■ Problem requirements:
Your job is to retype the records exactly while dropping every picture.
Supplied entries: Begin
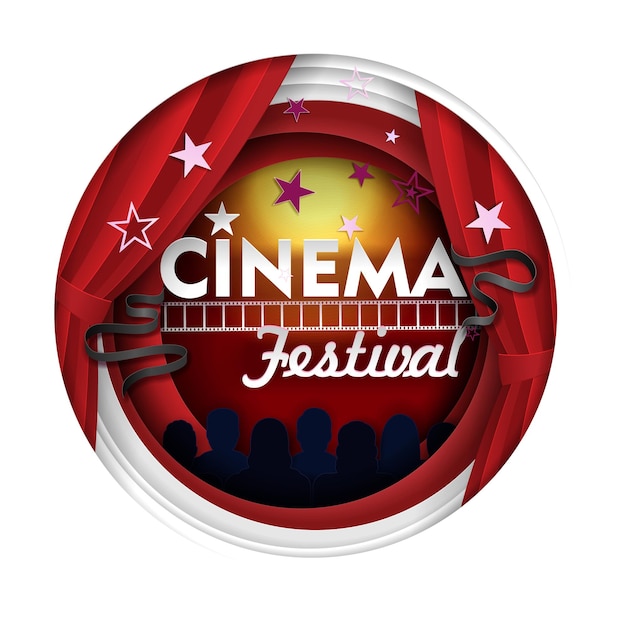 Cinema festival vector paper cut poster banner template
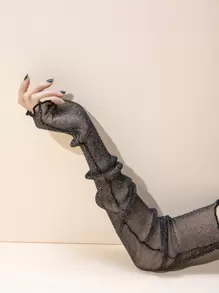 1pair Women's Fashionable Shiny Glitter Decor See-Through Party Dress Long Gloves Wedding Summer - Black - View 3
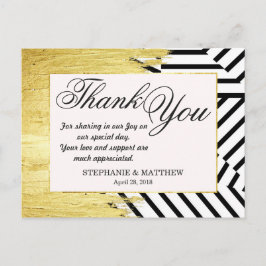 Elegante Faux Gold Paint Strokes & Stripes Patroon Briefkaart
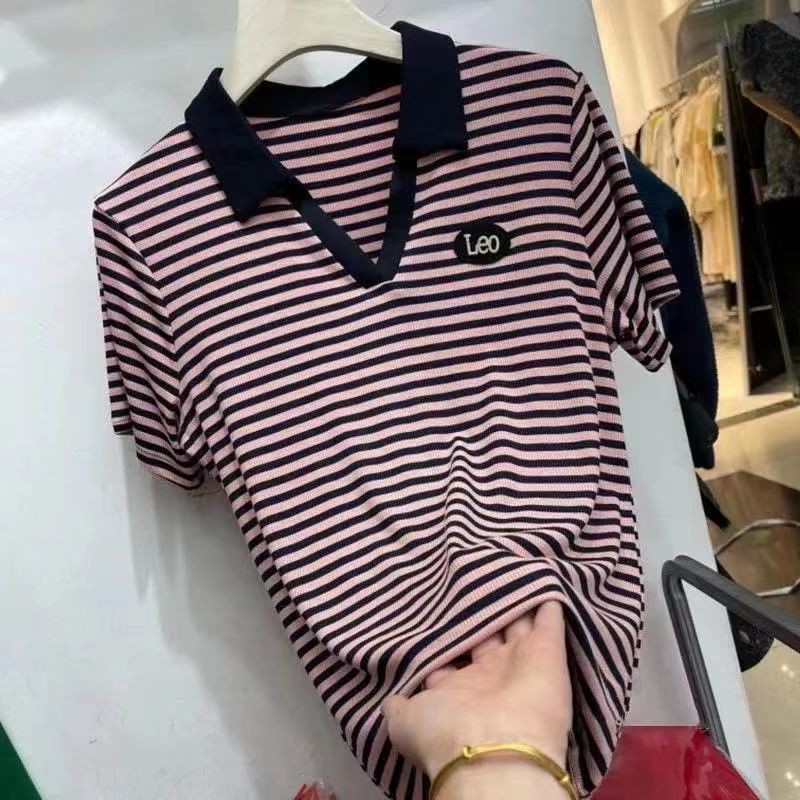 เสื้อโปโลคอปกสำหรับผู้หญิง แขนครึ่ง สไตล์บางพอดีตัว หลากสี เหมาะสำหรับฤดูร้อน - รูปที่ 2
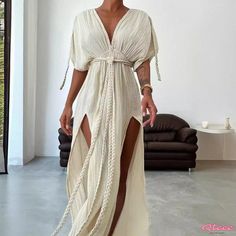 Gathered Twist Loose Fit Casual Belted Maxi Dress Dress Goddess, Greek Goddess Dress, Bohemian Summer Dresses, Long Summer Dress, Boho Styl, Goddess Costume, Dress Cottagecore, Goddess Dress, Photoshoot Dress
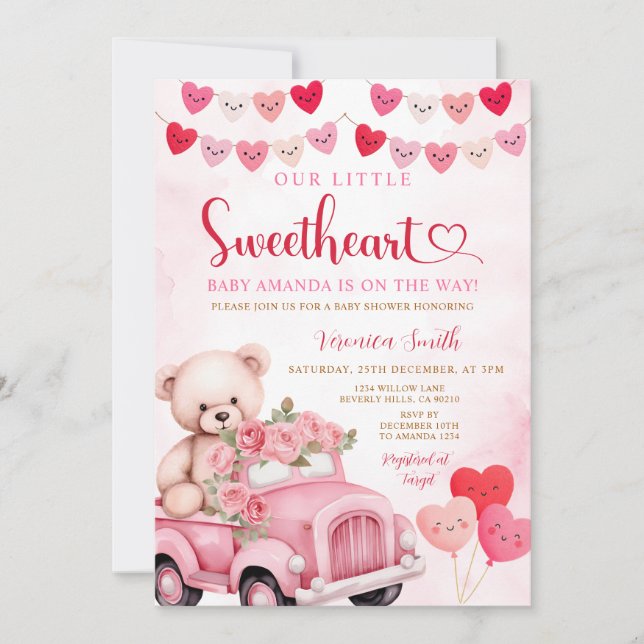 Valentine Sweetheart Bear Pink Truck Baby Shower Inbjudningar (Framsida)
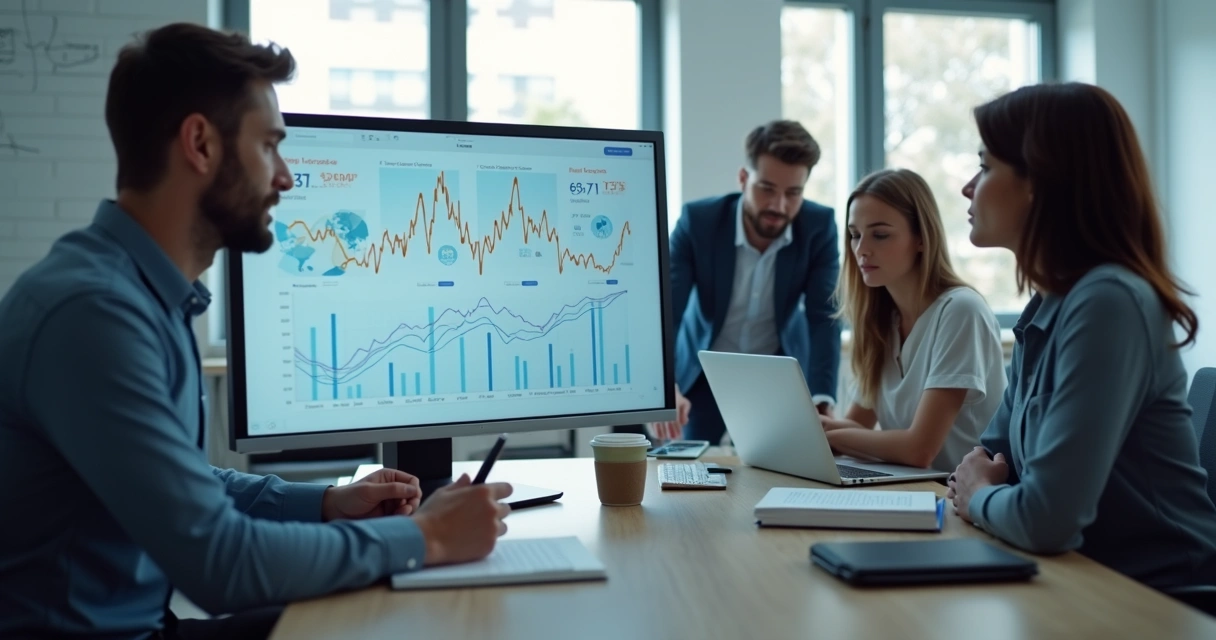 Profissional analisando gráfico com destaque para métrica central em tela digital ultra detalhada 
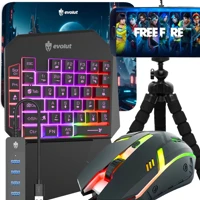 Imagem da promoção Kit Gamer Mobilador One Hand 60% Preto Led com fio Celular Teclado Mouse Tripé Usb Rgb Otg Tripé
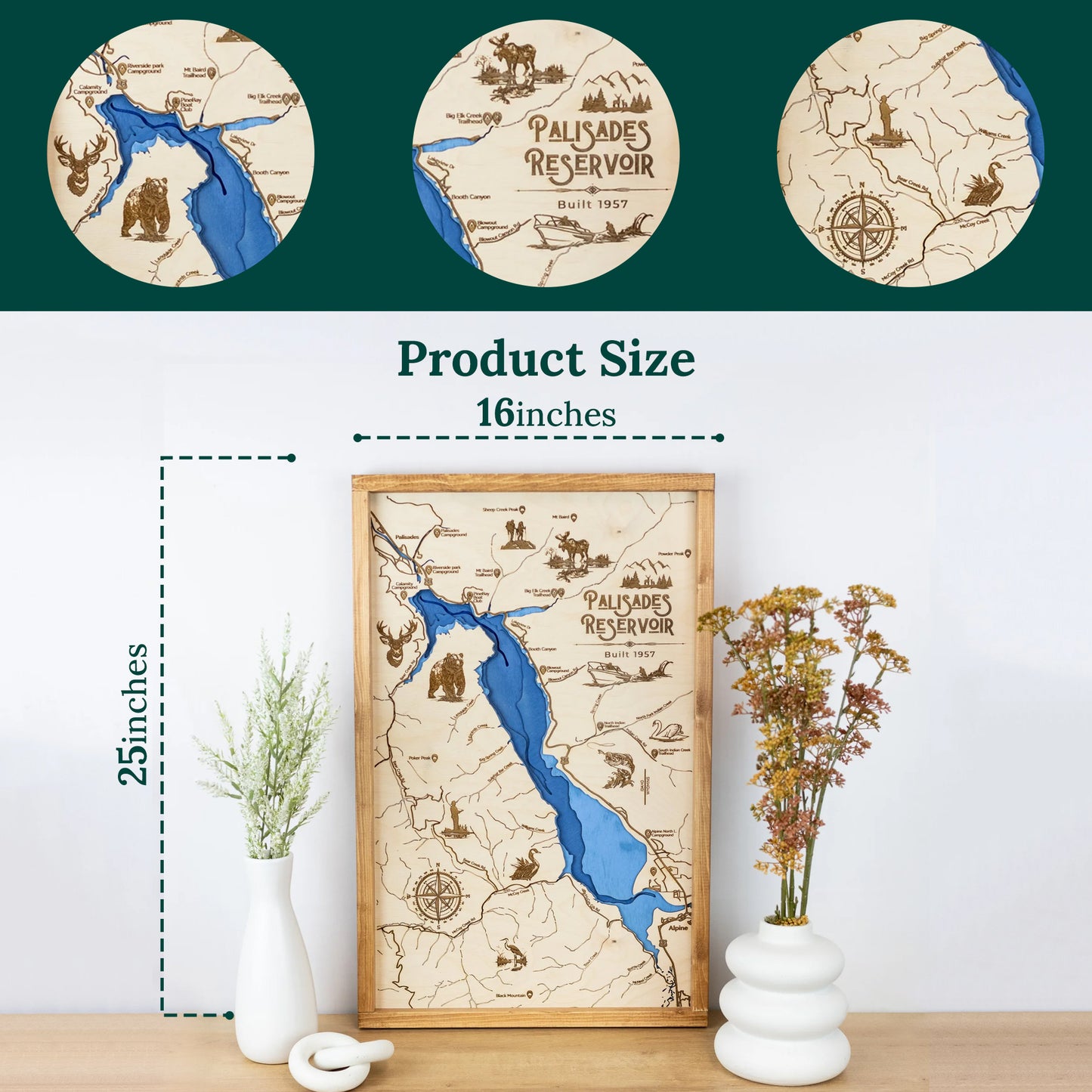Palisades Reservoir Idaho Topo Map Sign |  Laser Engraved & Framed Wall Art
Supplied entries: End
■ Exercise output:
 Cinema festival vector paper cut poster banner template
 1pair Women's Fashionable Shiny Glitter Decor See-Through Party Dress Long Gloves Wedding Summer - Black - View 3
 Elegante Faux Gold Paint Strokes & Stripes Patroon Briefkaart
 เสื้อโปโลคอปกสำหรับผู้หญิง แขนครึ่ง สไตล์บางพอดีตัว หลากสี เหมาะสำหรับฤดูร้อน - รูปที่ 2
 Gathered Twist Loose Fit Casual Belted Maxi Dress Dress Goddess, Greek Goddess Dress, Bohemian Summer Dresses, Long Summer Dress, Boho Styl, Goddess Costume, Dress Cottagecore, Goddess Dress, Photoshoot Dress
 Valentine Sweetheart Bear Pink Truck Baby Shower Inbjudningar (Framsida)
 Profissional analisando gráfico com destaque para métrica central em tela digital ultra detalhada 
 Imagem da promoção Kit Gamer Mobilador One Hand 60% Preto Led com fio Celular Teclado Mouse Tripé Usb Rgb Otg Tripé
Palisades Reservoir Idaho Topo Map Sign |  Laser Engraved & Framed Wall Art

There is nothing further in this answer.